**Exercise prompt:** The material beneath this line should be printed exactly, with its pictures omitted.

**The input:**

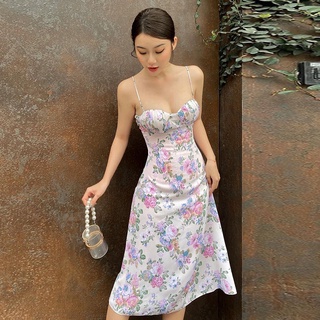 W[]-Women Sling Dress, Spaghetti Straps Low-cut Flower Print Summer Midi Dress for Party Vacation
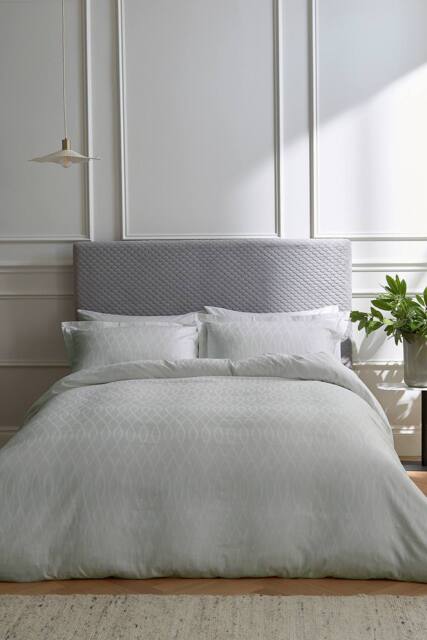1951 'Ravello' Cotton Duvet Cover Set in Silver - Size: Double - image 1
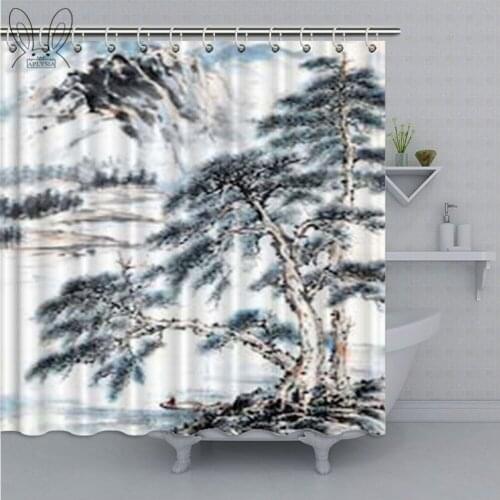 Aplysia Polyester Fabric Japanese Chines Style Shower Curtain Set Mountain Sunset Beauty Art Bath Chinese Shower Curtain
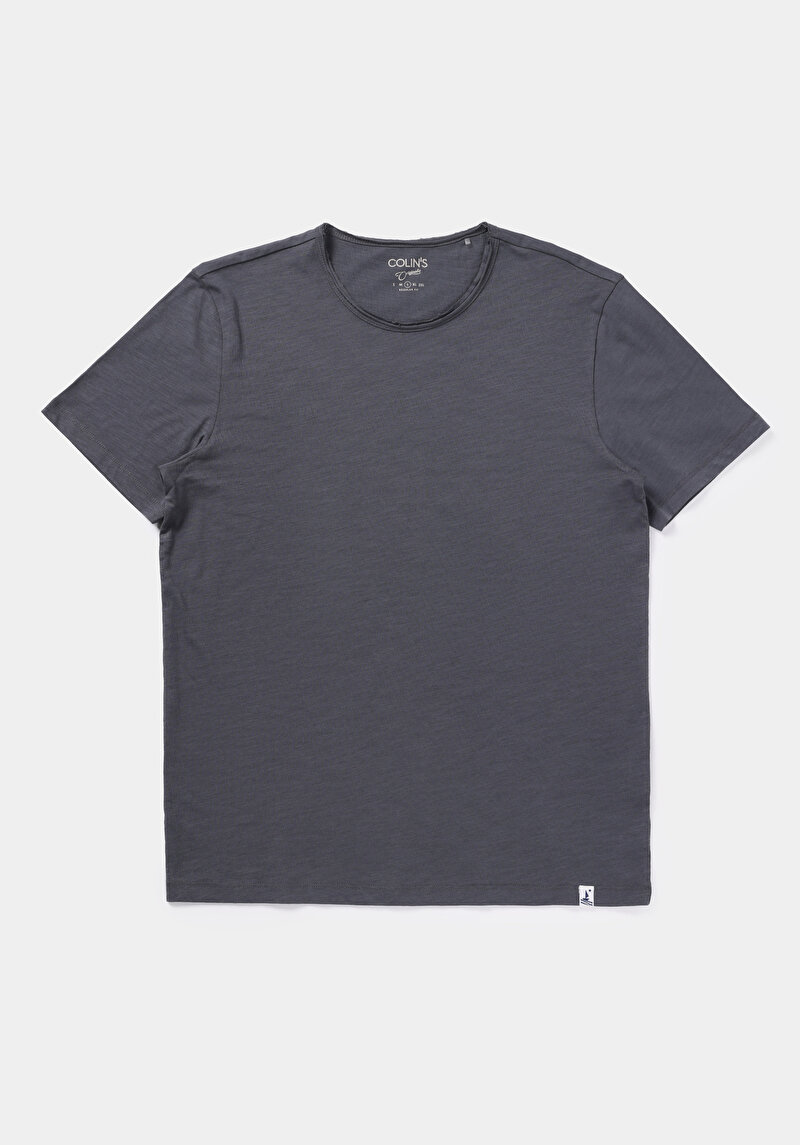 Regular Fit Yuvarlak Yaka Düz Erkek Antrasit Pamuklu Kısa Kol Tişört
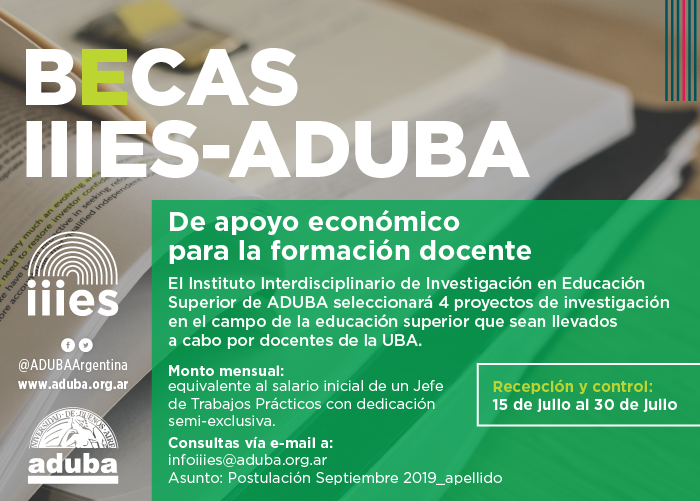 Becas IIIES – ADUBA: Becas de apoyo económico para la formación de docentes de la UBA
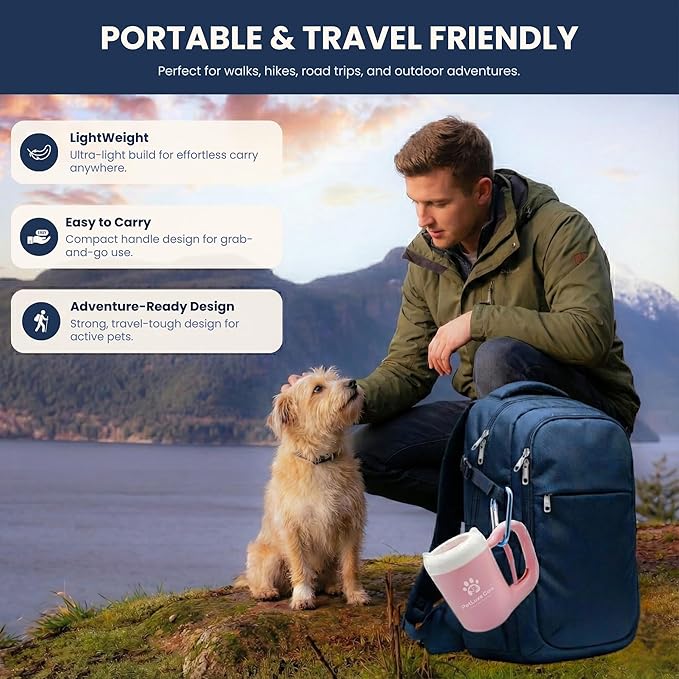 Dog Paw Washer Kit - Includes Paw Cleaner Cup, Towel, Pet Bath Brush & Moisturizing Balm - Dog Foot Washer for Muddy Paws, ideal for Small & Medium Dogs (Pink, Small)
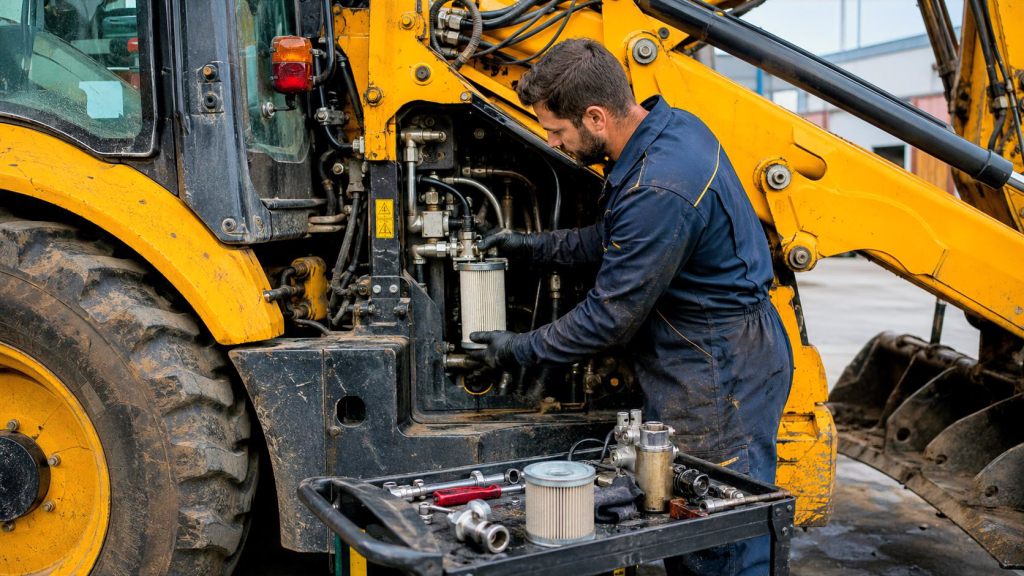 Монтаж фільтра на екскаватор-навантажувач JCB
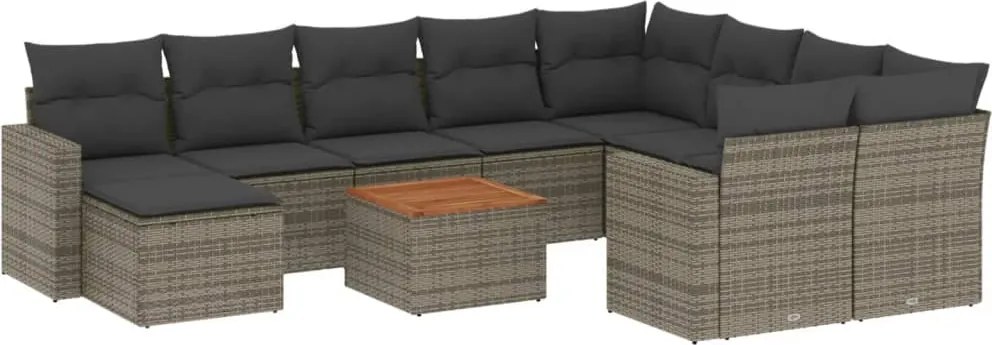 vidaXL 11 részes szürke polyrattan kerti ülőgarnitúra párnákkal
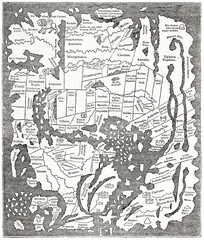 Wall Mural - Graytone reproduction of an antiique Anglo-Saxon map of the Tenth century. Ancient engraving style art by unidentified author, The Penny Magazine, London 1837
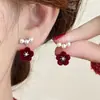 Pendientes de Terciopelo Negro con Lazo para Otoño e Invierno con Diseño Único, Nuevos Pendientes de Alta Gama Estilo Francés de Moda 2025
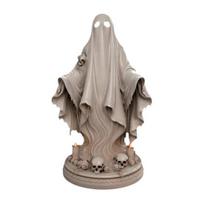 Halloween Ghost Figurine, Spooky Resin Ghost Skulls Statue for Tiered Tray Home Table Centerpiece, Halloween Party Supplies B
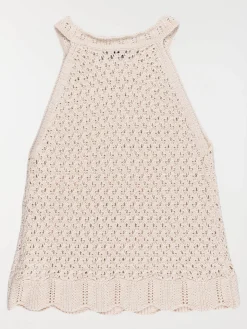 Top crochet crème grisée fille (XXS-M)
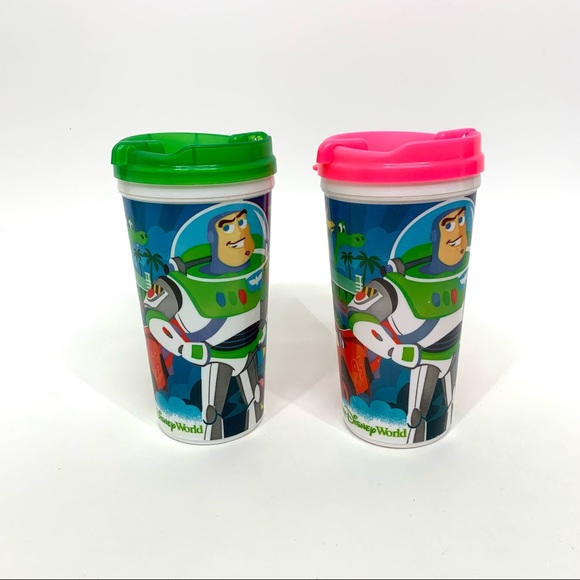 Disney World Set Of Two Neon Whirley Travel Mugs With Handles Buzz Cars Nemo - Picture 2 of 16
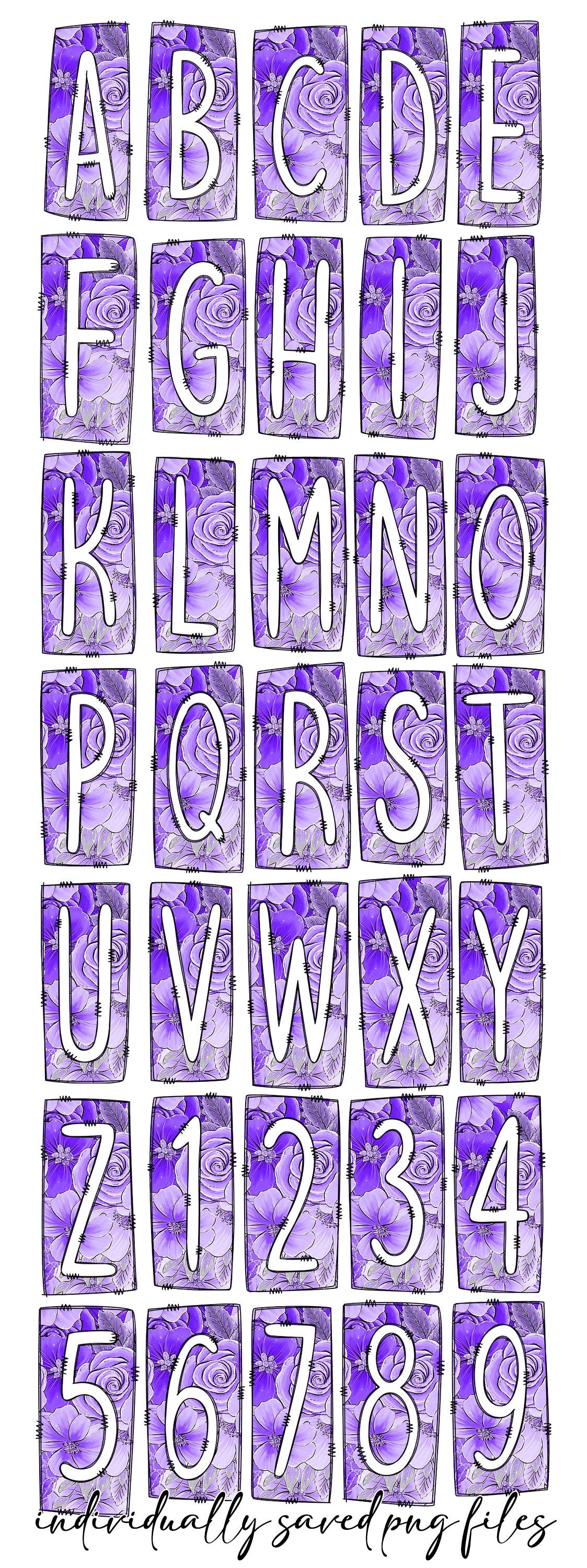 Purple Flowers Floral Box Doodle Letters, Western Hand Drawn Doodle Alphabet Set, Sublimation Designs PNG - 2191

**Solution:**
 W[]-Women Sling Dress, Spaghetti Straps Low-cut Flower Print Summer Midi Dress for Party Vacation
1951 'Ravello' Cotton Duvet Cover Set in Silver - Size: Double - image 1
 Aplysia Polyester Fabric Japanese Chines Style Shower Curtain Set Mountain Sunset Beauty Art Bath Chinese Shower Curtain
 Regular Fit Yuvarlak Yaka Düz Erkek Antrasit Pamuklu Kısa Kol Tişört
 Becas IIIES – ADUBA: Becas de apoyo económico para la formación de docentes de la UBA
 Dog Paw Washer Kit - Includes Paw Cleaner Cup, Towel, Pet Bath Brush & Moisturizing Balm - Dog Foot Washer for Muddy Paws, ideal for Small & Medium Dogs (Pink, Small)
 Монтаж фільтра на екскаватор-навантажувач JCB
 vidaXL 11 részes szürke polyrattan kerti ülőgarnitúra párnákkal
 Wall Mural - Graytone reproduction of an antiique Anglo-Saxon map of the Tenth century. Ancient engraving style art by unidentified author, The Penny Magazine, London 1837
 Pendientes de Terciopelo Negro con Lazo para Otoño e Invierno con Diseño Único, Nuevos Pendientes de Alta Gama Estilo Francés de Moda 2025
 Halloween Ghost Figurine, Spooky Resin Ghost Skulls Statue for Tiered Tray Home Table Centerpiece, Halloween Party Supplies B
 Top crochet crème grisée fille (XXS-M)
 Disney World Set Of Two Neon Whirley Travel Mugs With Handles Buzz Cars Nemo - Picture 2 of 16
 Purple Flowers Floral Box Doodle Letters, Western Hand Drawn Doodle Alphabet Set, Sublimation Designs PNG - 2191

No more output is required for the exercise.